We arrived mid-afternoon and spent the first hour fielding questions from curious locals and chatting with a few wide-eyed admirers of our rig. Then it was laundry time.

chores

Armed with two bags of well-traveled, questionably scented clothing, we schlepped across the city on foot for 35 minutes. I’m sure we looked like wandering vagabonds—equal parts rugged and ripe. We finally reached the laundromat, loaded the machines, and treated ourselves to a much-needed cappuccino. Once the clothes were spinning in the dryer, we left the kids behind (don’t worry—they had Wi-Fi) and made a quick dash to a nearby print shop, about 10 minutes away, to get some new decals made for the truck.

Back to collect kids who had folded the laundry, quick uber ride to a mall to buy the iPad we’d been procrastinating about for the past 6 months. After stepping on Charley’s computer, school work has been a challenge juggling devices. We ate at the mall saving having to cook in the truck, then uber back. By then it was raining cats & dogs, the streets flooded, poor motobikers would be soaked through. It rained all night, we’re parked beneath a tree that drips loudly on to the roof all night.

comuna 13

April 30th Today is Klass’s 10th birthday. To celebrate Wenke booked a free walking tour of Communa 13. Free by no charge, but they do, of course ask for a donation at the end. A district of Medellin that was once notorious for violence but now celebrated for its remarkable transformation. During the 80’s & 90’s plagued by drug cartels and guerrilla warfare. It has since undergone a dramatic revival through community-led initiatives, government investment, and urban innovation. Today, Comuna 13 is known for its vibrant street art, outdoor escalators, and cultural resilience. Now a popular tourist destination, drawing visitors with its colourful murals, local hip-hop performances and ambitious youth.

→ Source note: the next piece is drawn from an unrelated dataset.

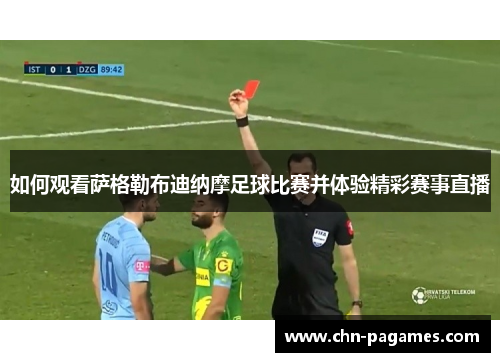 如何观看萨格勒布迪纳摩足球比赛并体验精彩赛事直播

Taking the subway across the city, we worked out that our ticket to ride the train was also valid for the gondola. With time before we meet our tour guide we took a 30 min round trip up over Communa 7. The gondola system was installed in 2007 and has been a game changer for the locals who had to walk up millions of steep stairs daily. Good exercise, but I couldn’t imagine how it would be to be shlepping furniture or groceries on a daily basis.

The scheduled 2hour tour wrapped up at the 4 hour mark, by then we’d had enough story telling. Having only seen half the area, we spent the next 1.5hrs strolling the upper portion taking care to avoid young kids riding skateboards, families on motos and people eagerly beckoning us into their bars, restaurants or gift and trinket stands.

The street art here is amazing! Bright, bold graffiti and murals cover just about every wall and staircase, telling stories of the neighbourhood’s rough past and its incredible transformation. Every piece seems to carry a message of hope, resistance, or pride. Walking through it all, you can see the creativity & energy that’s helped turn the area around.

It was already dark by the time we left—another amazing day fully immersed in such rich Colombian culture. Dinner was at a Brazilian restaurant, before heading home with very full tummies. After all the walking we’d done over the past couple of days, it felt good to be out and moving, but I was more than ready to crash. Tired and content, we fell into bed—just as the rain started up again.